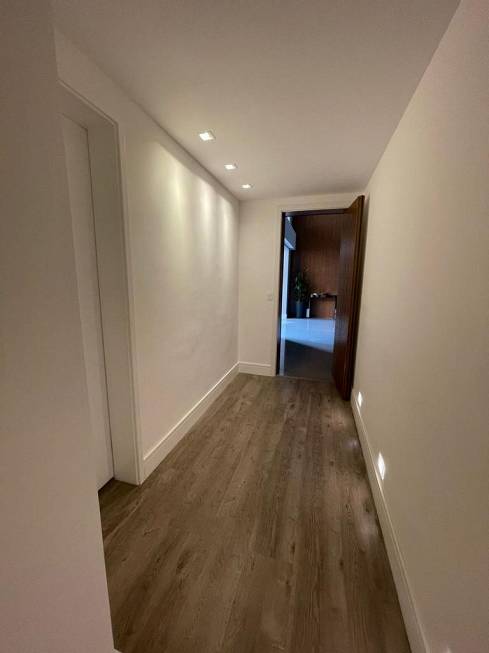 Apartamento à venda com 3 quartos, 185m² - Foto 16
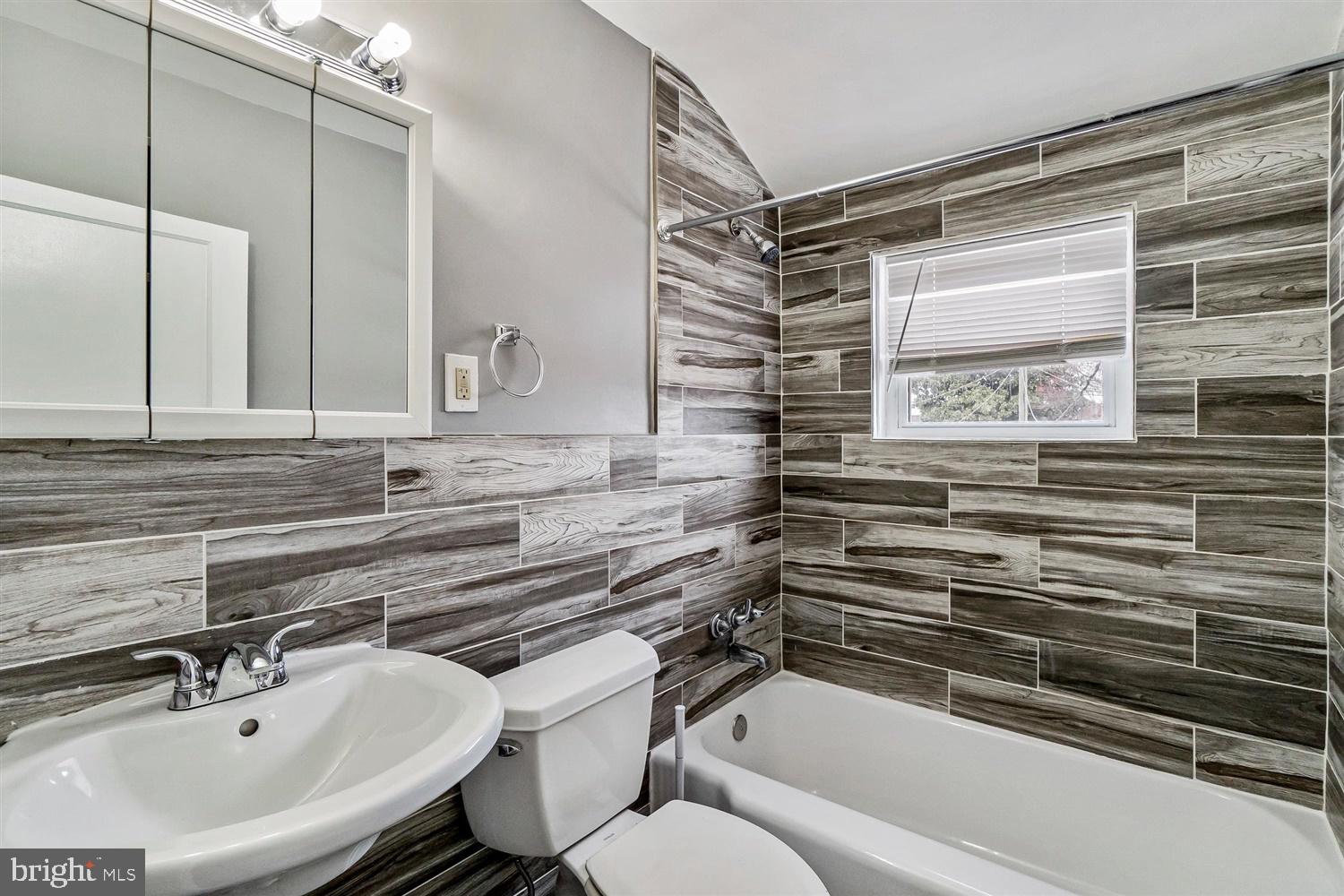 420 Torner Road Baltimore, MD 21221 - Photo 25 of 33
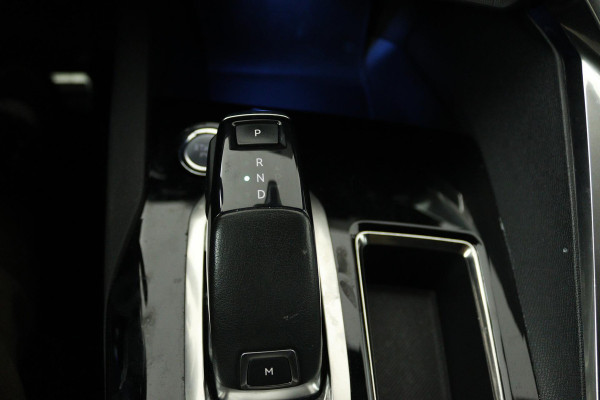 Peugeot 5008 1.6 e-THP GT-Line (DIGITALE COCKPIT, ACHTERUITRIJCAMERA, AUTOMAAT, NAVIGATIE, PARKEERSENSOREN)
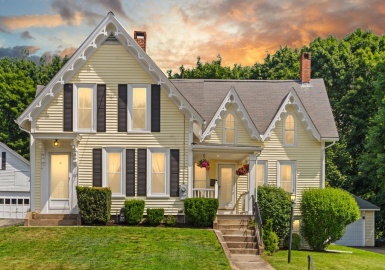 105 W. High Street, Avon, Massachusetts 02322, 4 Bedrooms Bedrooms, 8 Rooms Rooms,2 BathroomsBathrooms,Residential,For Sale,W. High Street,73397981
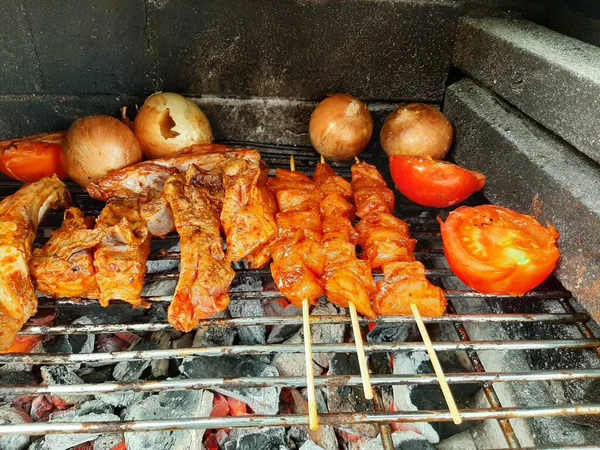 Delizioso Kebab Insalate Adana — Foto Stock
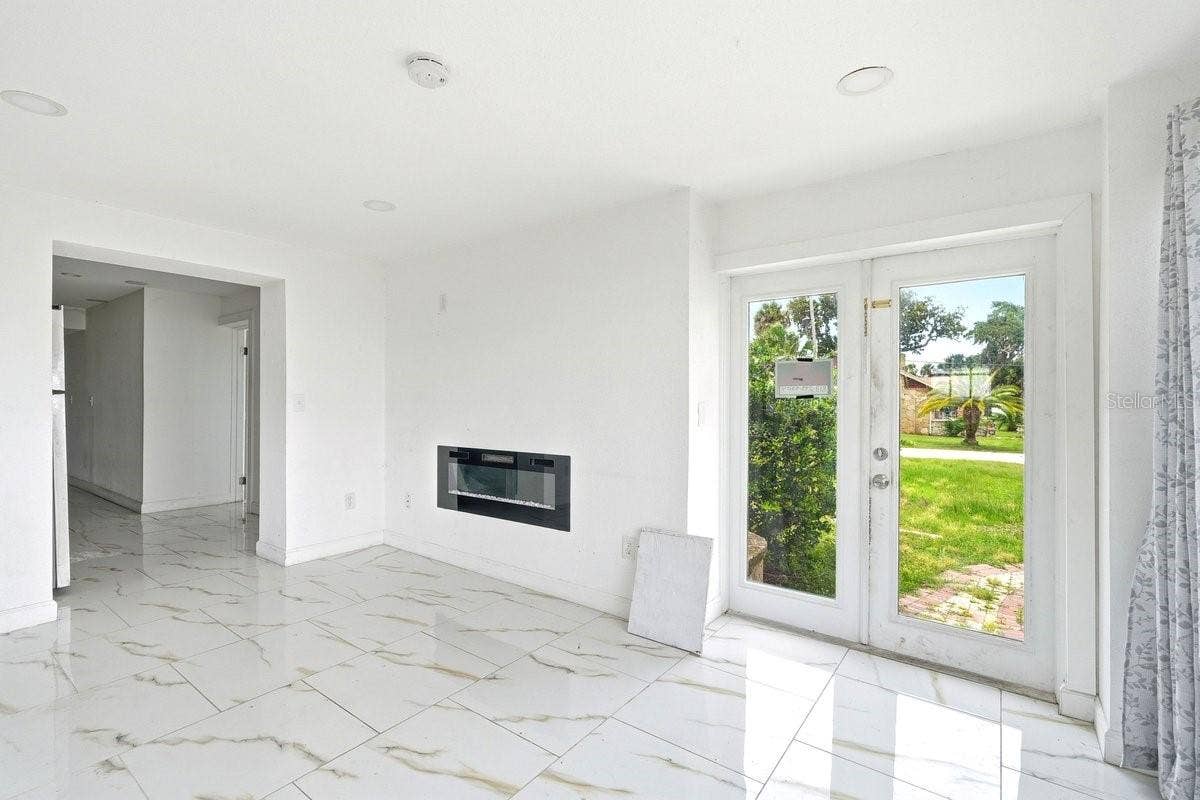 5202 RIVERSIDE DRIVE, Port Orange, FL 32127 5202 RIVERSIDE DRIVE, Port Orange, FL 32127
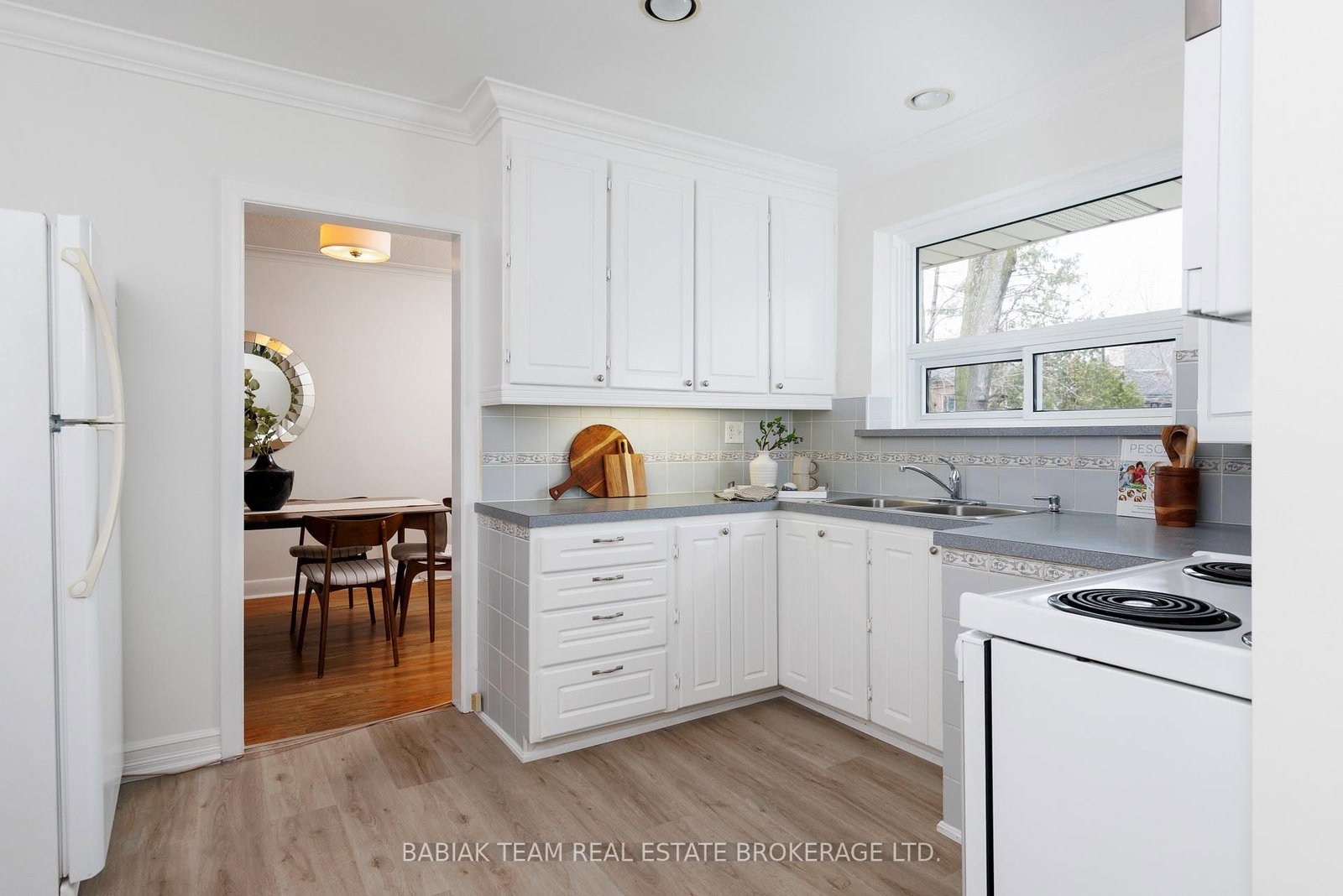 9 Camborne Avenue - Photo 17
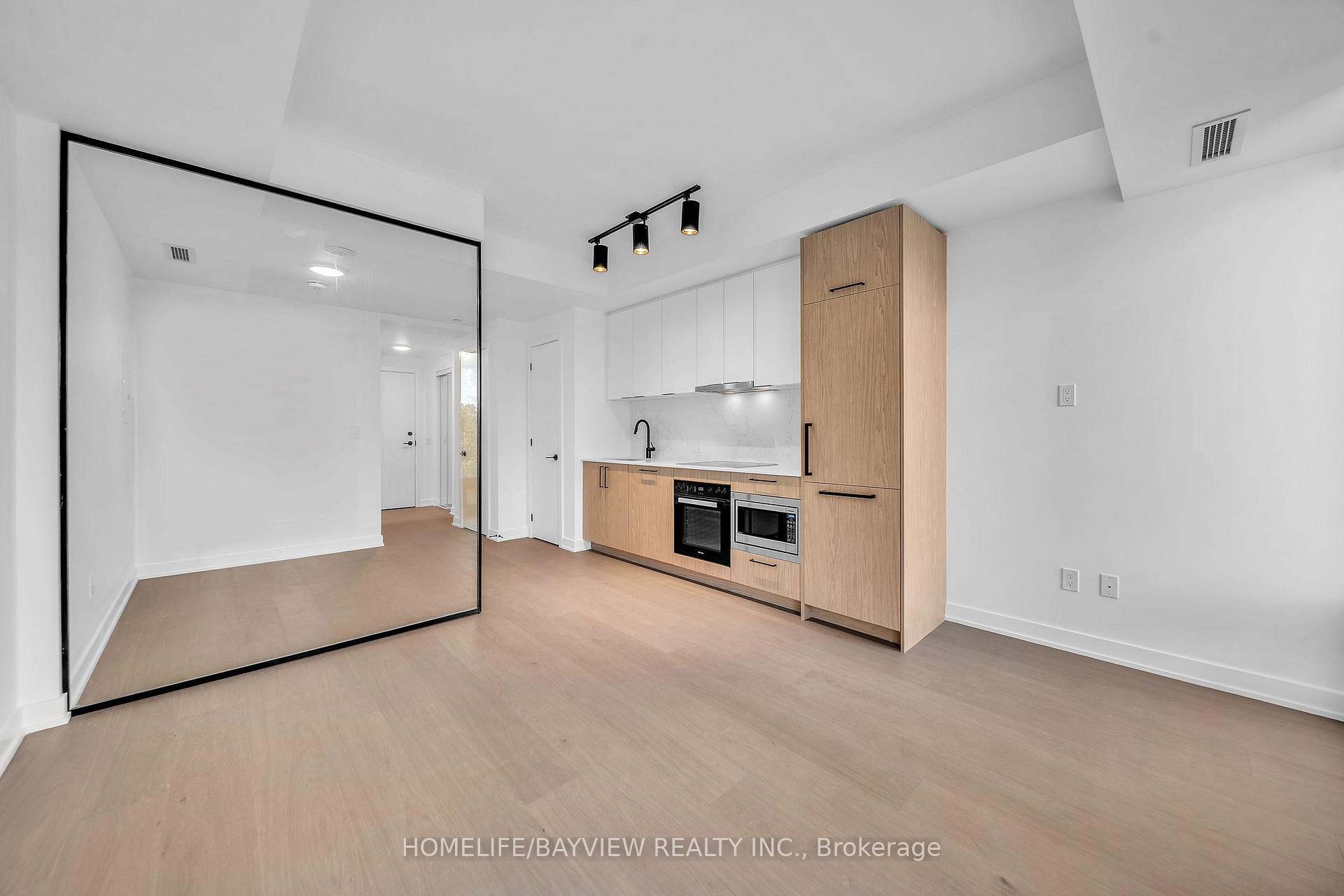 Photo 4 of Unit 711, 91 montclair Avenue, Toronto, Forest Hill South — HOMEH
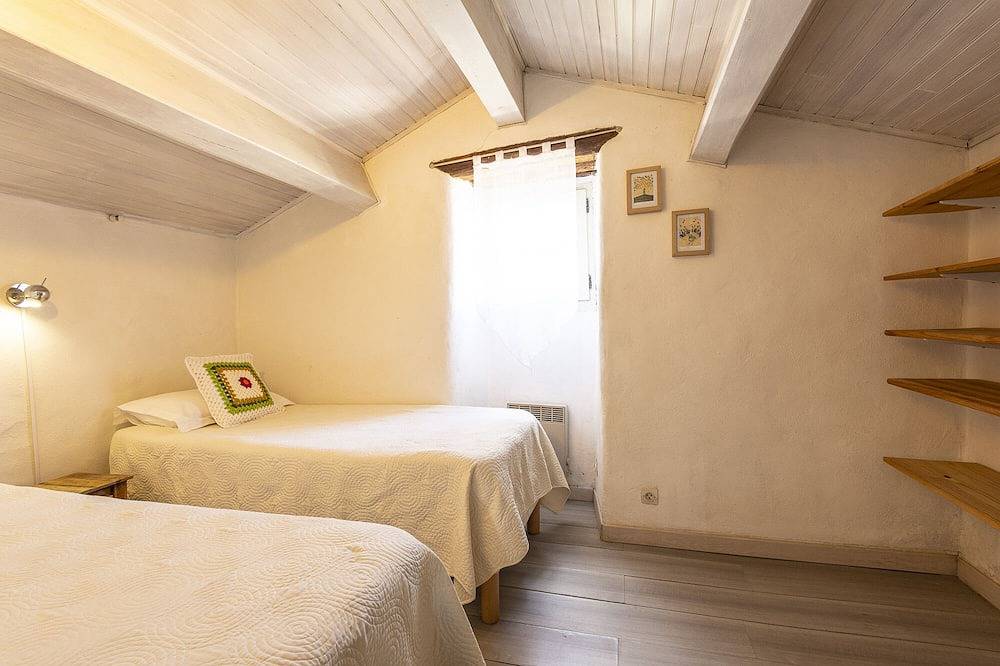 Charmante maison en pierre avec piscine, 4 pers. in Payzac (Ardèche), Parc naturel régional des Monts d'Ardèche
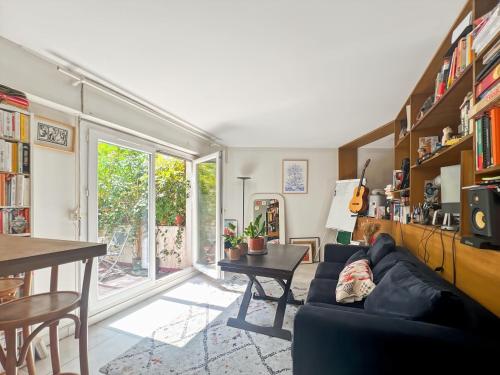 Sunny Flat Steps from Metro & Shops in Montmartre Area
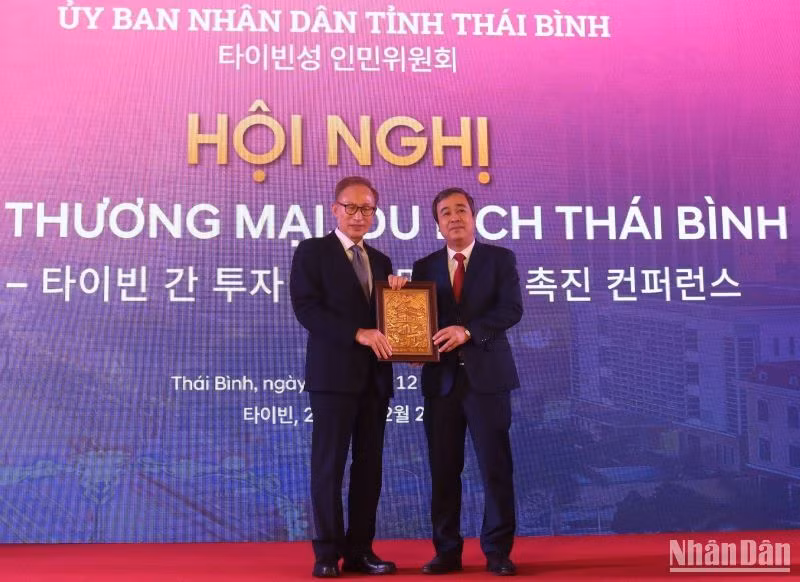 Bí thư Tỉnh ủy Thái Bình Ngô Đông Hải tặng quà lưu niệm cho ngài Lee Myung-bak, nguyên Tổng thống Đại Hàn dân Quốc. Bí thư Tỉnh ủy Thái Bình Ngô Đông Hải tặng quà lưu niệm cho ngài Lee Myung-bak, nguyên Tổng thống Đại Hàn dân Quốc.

WORK INSTRUCTIONS => Your response must restate every record above exactly, with each picture omitted.

RESULT OF THE TASK =>
 Apartamento à venda com 3 quartos, 185m² - Foto 16
 420 Torner Road Baltimore, MD 21221 - Photo 25 of 33
 Peugeot 5008 1.6 e-THP GT-Line (DIGITALE COCKPIT, ACHTERUITRIJCAMERA, AUTOMAAT, NAVIGATIE, PARKEERSENSOREN)
 105 W. High Street, Avon, Massachusetts 02322, 4 Bedrooms Bedrooms, 8 Rooms Rooms,2 BathroomsBathrooms,Residential,For Sale,W. High Street,73397981
 Delizioso Kebab Insalate Adana — Foto Stock
 5202 RIVERSIDE DRIVE, Port Orange, FL 32127 5202 RIVERSIDE DRIVE, Port Orange, FL 32127
 9 Camborne Avenue - Photo 17
 Photo 4 of Unit 711, 91 montclair Avenue, Toronto, Forest Hill South — HOMEH
 Charmante maison en pierre avec piscine, 4 pers. in Payzac (Ardèche), Parc naturel régional des Monts d'Ardèche
 Sunny Flat Steps from Metro & Shops in Montmartre Area
 Bí thư Tỉnh ủy Thái Bình Ngô Đông Hải tặng quà lưu niệm cho ngài Lee Myung-bak, nguyên Tổng thống Đại Hàn dân Quốc. Bí thư Tỉnh ủy Thái Bình Ngô Đông Hải tặng quà lưu niệm cho ngài Lee Myung-bak, nguyên Tổng thống Đại Hàn dân Quốc.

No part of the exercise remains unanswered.